I'm glad you asked that question. It's very basic, but it is vital to know the answer from an experienced point of view. First, let me say that I've led task force teams of engineers doing nothing but identifying all the PSVs in a very large chemical plant in several projects and locations. Therefore, I can honestly state: Been there, done that.

The answer to your question is: get physically out in the plant environment and see, touch, and verify that the P&ID you are working with is veritably "as built" - which, if it follows the current situation in the USA, I doubt it is. Look at the critical points you will have to consider in designing and installing the final product PSV: the inlet and discharge nozzle positions, possible lengths, and pressure constraints. Study and analyze the physical constraints like height, location, accessability, etc. Then take a lot of digital photos of the area and go back to your process desk and start identifying all the possible and credible over-pressure scenarios. This work should keep you busy for approximately 16 to 24 manhours. You should also compile and amass all your fluid's physical and thermo properties required for the eventual calculations (which should only take a couple of hours, if only single phase is involved; if 2-phase is possible, prepare yourself for more rigorous thinking and calculations).

If you really have done your homework in reading these forums about PSVs and their applications, you will have learned that the most important and really vital work for you to do flawlessly is the identification of the controlling, worse case scenario. This is where your concentrated efforts will not go unrewarded. It is vital for the sake of real, expected safety that you succeed in identifying the veritable worse case. Spare no work or time in this endeavor. Do not simply believe that regulator failure is the worst case unless you are prepared and capable of proving that to be the case to everyone involved in the operation: from process design to operating personnel. This proof should be done at the Hazop required in the Management Of Change (MOC) procedure that you should fulfill.

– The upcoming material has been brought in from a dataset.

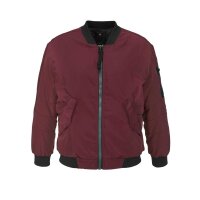 Marken-Bomberjacke, bordeaux
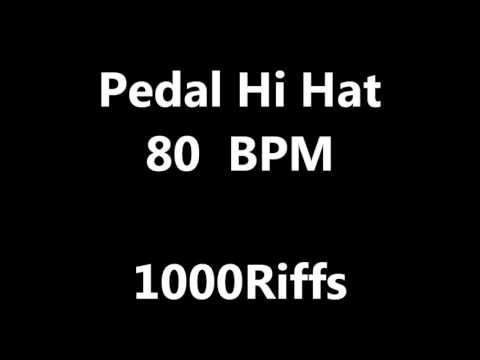 Pedal Hi Hat Metronome : 80 BPM - Beats Per Minute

The above is just a nutshell-full of what you really have to do; however, I believe it contains the most important and pre-requisite work for you to immediately start on.

And don't forget: Don't put any trust in the P&ID being "as built" and believable. Prove it to yourself by going outside and walking all the critical piping out to prove that you have the correct and accurate process description in your grasp.

Good Luck.

Art Montemayor

[Art Montemayor]

Rahul:

Your interest in going to the field is a direct measure of your present and future value as a professional engineer. I don't know what country or locale you are at and I also don't know the experience and qualifications of your project manager, but he/she would be well advised to heed your request to get out to the job site and do the essential confirmation of field conditions and P&ID verifications. This is a very serious point because blind faith in a faulty or flawed P&ID can lead to serious and tragic accidents. This has been proven to be so bad in the past that the USA legislature had to enforce government action directly on industry (OSHA) in order to ensure that accurate and updated P&IDs are kept at plant sites and that a documented MOC method is kept up. Without these procedures in place, industrial accidents and deaths have been caused.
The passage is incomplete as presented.